We can even send probes to other planets. But when it comes to getting around our cities, we depend on
systems that have scarcely changed since the days of Gottlieb Daimler.
In recent years, the pollution belched out by millions of vehicles has dominated the debate about
transport. The problem has even persuaded California that home of car culture - to curb traffic growth. But
no matter how green they become, cars are unlikely to get us around crowded cities any faster. And
persuading people to use trains and buses will always be an uphill struggle. Cars, after all, are popular for
very good reasons, as anyone with small children or heavy shopping knows.
So politicians should be trying to lure people out of their cars, not forcing them out. There's certainly
no shortage of alternatives. Perhaps the most attractive is the concept known as personal rapid transit (PRT),
independently invented in the US and Europe in the 1950s.
The idea is to go to one of many stations and hop into a computer-controlled car, which can whisk
you to your destination along a network of guideways. You wouldn't have to share your space with
strangers, and with no traffic lights, pedestrians or parked cars to slow things down, PRT guideways can
carry far more traffic, nonstop, than any inner city road.
It's a wonderful vision, but the odds are stacked against PRT for a number of reasons. The first cars
ran on existing roads, and it was only after they became popular – and after governments started earning
revenue from them-that a road network designed specifically for motor vehicles was built.
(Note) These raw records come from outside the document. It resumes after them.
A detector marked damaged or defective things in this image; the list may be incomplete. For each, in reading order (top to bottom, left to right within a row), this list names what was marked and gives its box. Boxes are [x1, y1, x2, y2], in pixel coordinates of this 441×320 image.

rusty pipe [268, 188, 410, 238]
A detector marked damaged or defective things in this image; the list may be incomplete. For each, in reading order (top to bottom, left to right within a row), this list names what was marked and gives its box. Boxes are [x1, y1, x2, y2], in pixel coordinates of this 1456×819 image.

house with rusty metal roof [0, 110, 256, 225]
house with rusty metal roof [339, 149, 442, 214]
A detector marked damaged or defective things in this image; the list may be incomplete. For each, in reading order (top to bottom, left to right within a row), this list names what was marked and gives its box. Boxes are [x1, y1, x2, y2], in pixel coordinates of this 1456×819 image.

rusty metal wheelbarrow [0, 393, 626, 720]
With PRT, the
infrastructure would have to come first-and that would cost megabucks. What's more, any transport system
that threatened the car's dominance would be up against all those with a stake in maintaining the status quo,
from private car owners to manufacturers and oil multinationals. Even if PRTs were spectacularly
successful in trials, it might not make much difference. Superior technology doesn't always triumph, as the
VHS versus Betamax and Windows versus Apple Mac battles showed.
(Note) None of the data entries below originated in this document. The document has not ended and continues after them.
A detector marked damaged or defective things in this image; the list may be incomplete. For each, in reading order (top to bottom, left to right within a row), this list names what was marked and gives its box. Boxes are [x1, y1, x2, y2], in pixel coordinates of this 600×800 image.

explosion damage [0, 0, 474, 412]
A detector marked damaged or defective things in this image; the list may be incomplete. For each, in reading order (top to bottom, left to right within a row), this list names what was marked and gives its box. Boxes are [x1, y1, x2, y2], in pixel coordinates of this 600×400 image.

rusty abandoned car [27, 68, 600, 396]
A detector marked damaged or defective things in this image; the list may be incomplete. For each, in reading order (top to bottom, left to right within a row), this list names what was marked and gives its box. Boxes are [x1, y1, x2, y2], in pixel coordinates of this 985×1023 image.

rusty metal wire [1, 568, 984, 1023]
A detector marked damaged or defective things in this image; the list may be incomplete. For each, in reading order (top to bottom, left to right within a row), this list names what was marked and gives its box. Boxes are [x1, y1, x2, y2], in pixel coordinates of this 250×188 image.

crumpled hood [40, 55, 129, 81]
But "dual-mode" systems might just succeed where PRT seems doomed to fail. The Danish RUF
system envisaged by Palle Jensen, for example, resembles PRT but with one key difference: vehicles have
wheels as well as a slot allowing them to travel on a monorail, so they can drive off the rail onto a normal
road. Once on a road, the occupant would take over from the computer, and the RUF vehicle the term comes
from a Danish saying meaning to "go fast" - would become an electric car.
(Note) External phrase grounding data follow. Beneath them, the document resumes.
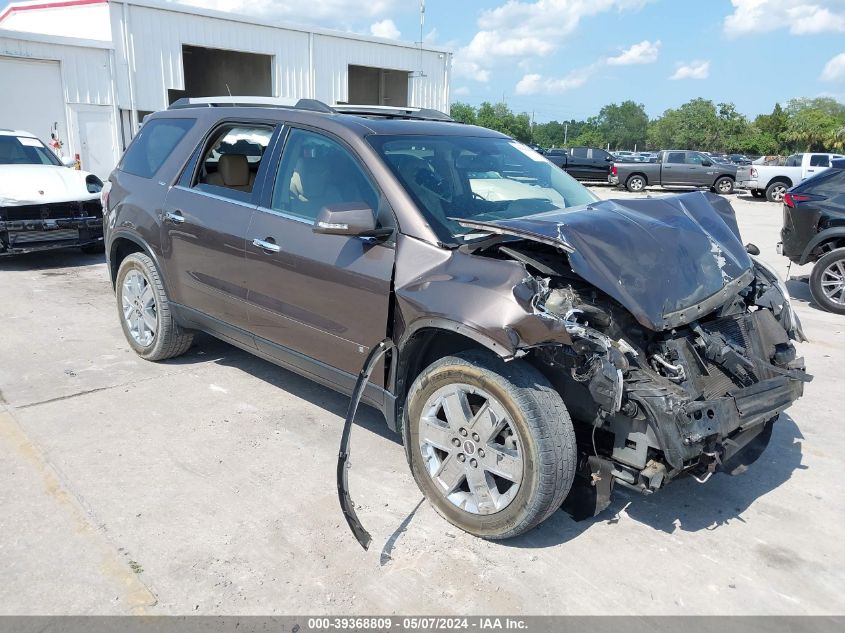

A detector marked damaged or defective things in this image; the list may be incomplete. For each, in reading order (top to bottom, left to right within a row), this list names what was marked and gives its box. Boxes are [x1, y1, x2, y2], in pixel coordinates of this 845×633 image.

crushed hood [0, 163, 99, 205]
white damaged car [1, 128, 104, 254]
damaged brown suv [105, 99, 812, 540]
crushed hood [458, 190, 756, 330]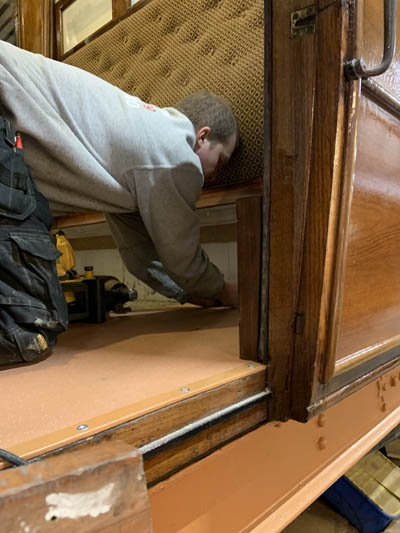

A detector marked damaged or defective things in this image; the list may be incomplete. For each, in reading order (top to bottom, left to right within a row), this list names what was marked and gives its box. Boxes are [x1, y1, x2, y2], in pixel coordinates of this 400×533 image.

peeling paint patch [46, 482, 117, 520]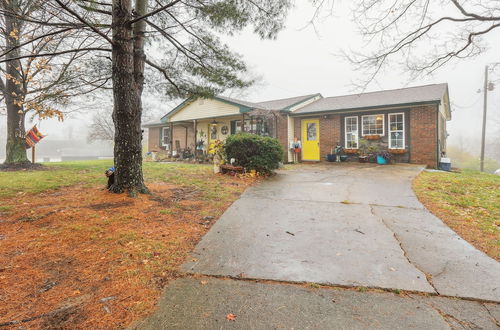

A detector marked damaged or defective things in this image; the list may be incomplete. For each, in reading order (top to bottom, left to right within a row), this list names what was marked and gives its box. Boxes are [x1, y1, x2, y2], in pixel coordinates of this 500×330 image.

driveway crack [370, 205, 440, 296]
Build a fast network of guideways in a busy city centre and people would have a strong incentive not
just to use public RUF vehicles, but also to buy their own dual-mode vehicle. Commuters could drive onto
the guideway, sit back and read as they are chauffeured into the city. At work, they would jump out, leaving
their vehicles to park themselves. Unlike PRT, such a system could grow organically, as each network
would serve a large area around it and people nearby could buy into it. And a dual-mode system might even
win the support of car manufacturers, who could easily switch to producing dual-mode vehicles.
Of course, creating a new transport system will not be cheap or easy. But unlike adding a dedicated
bus lane here or extending the underground railway there, an innovative system such as Jensen's could
transform cities.
And it's not just a matter of saving a few minutes a day. According to the Red Cross, more than 30
million people have died in road accidents in the past century-three times the number killed in the First
World War-and the annual death toll is rising. And what's more, the Red Cross believes road accidents will
become the third biggest cause of death and disability by 2020, ahead of diseases such as AIDS and
tuberculosis. Surely we can find a better way to get around?